WORK ORDER
Retype the lines below exactly, but only those from the line that has "В3 машина в хорошун состояние" through the line that has "montero finitura panchine". Omit every picture.

── RECORDS TO PROCESS ──

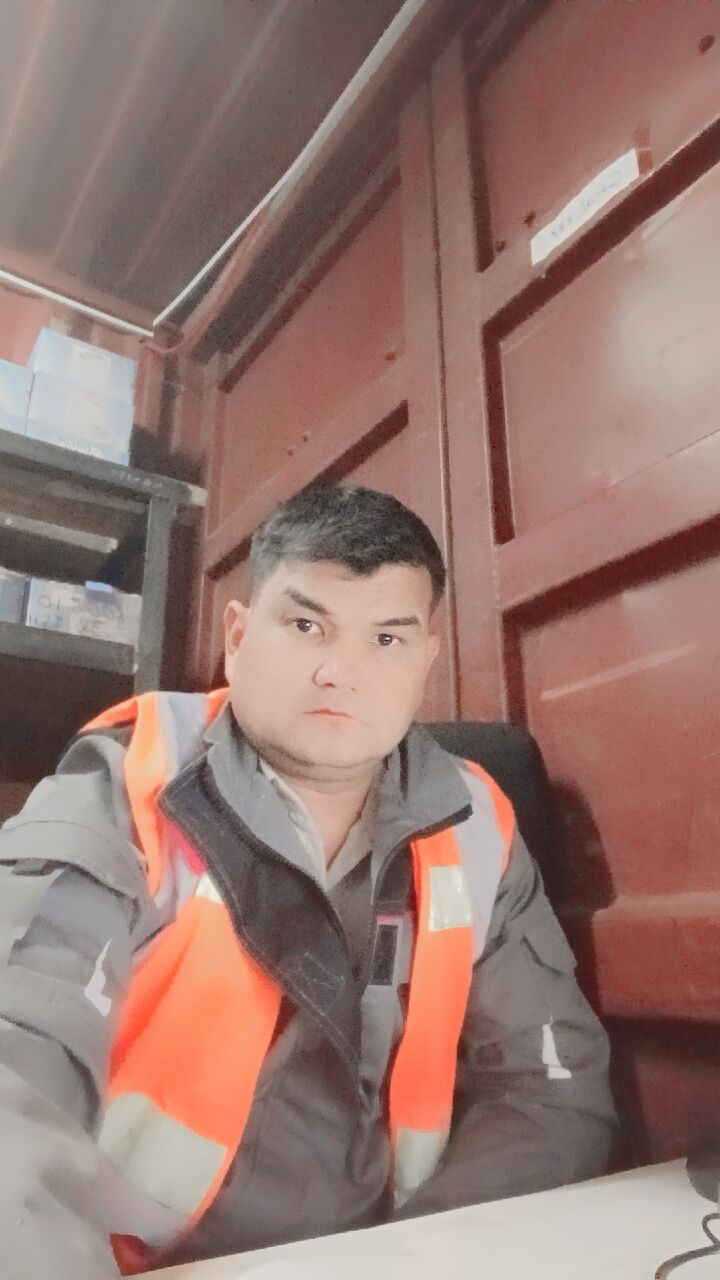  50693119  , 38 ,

───
── RECORDS TO PROCESS ──

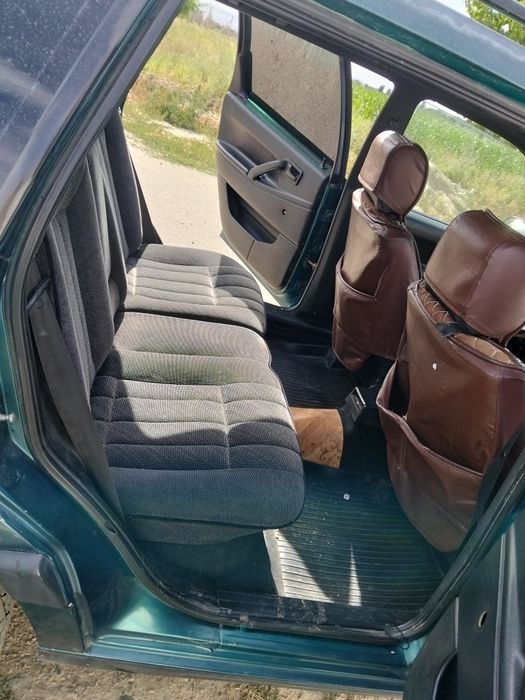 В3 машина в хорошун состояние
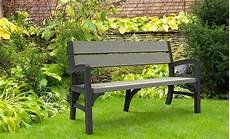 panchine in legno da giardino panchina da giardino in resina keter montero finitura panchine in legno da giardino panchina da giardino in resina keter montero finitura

───
── RECORDS TO PROCESS ──

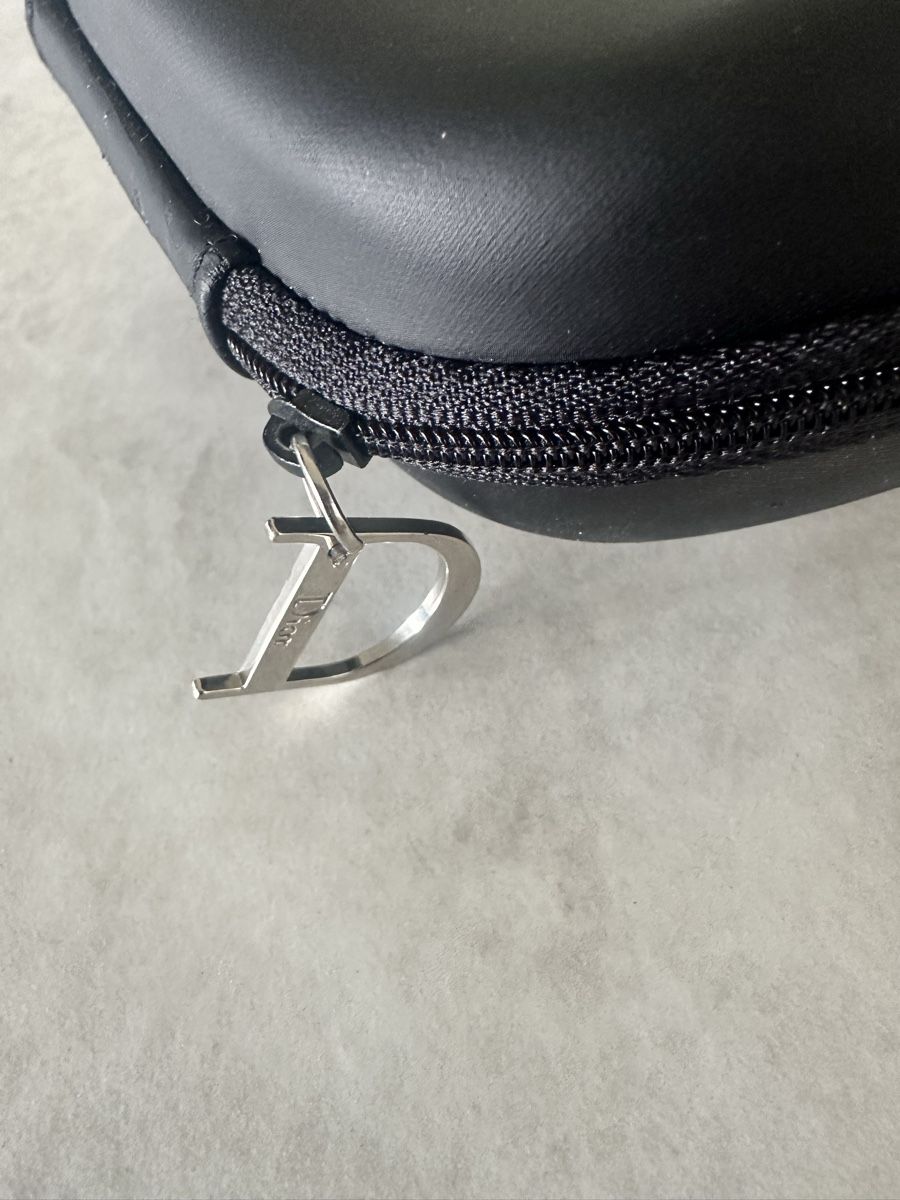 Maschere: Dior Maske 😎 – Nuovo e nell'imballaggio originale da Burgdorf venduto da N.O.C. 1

───

EXERCISE SOLUTION
 В3 машина в хорошун состояние
 panchine in legno da giardino panchina da giardino in resina keter montero finitura panchine in legno da giardino panchina da giardino in resina keter montero finitura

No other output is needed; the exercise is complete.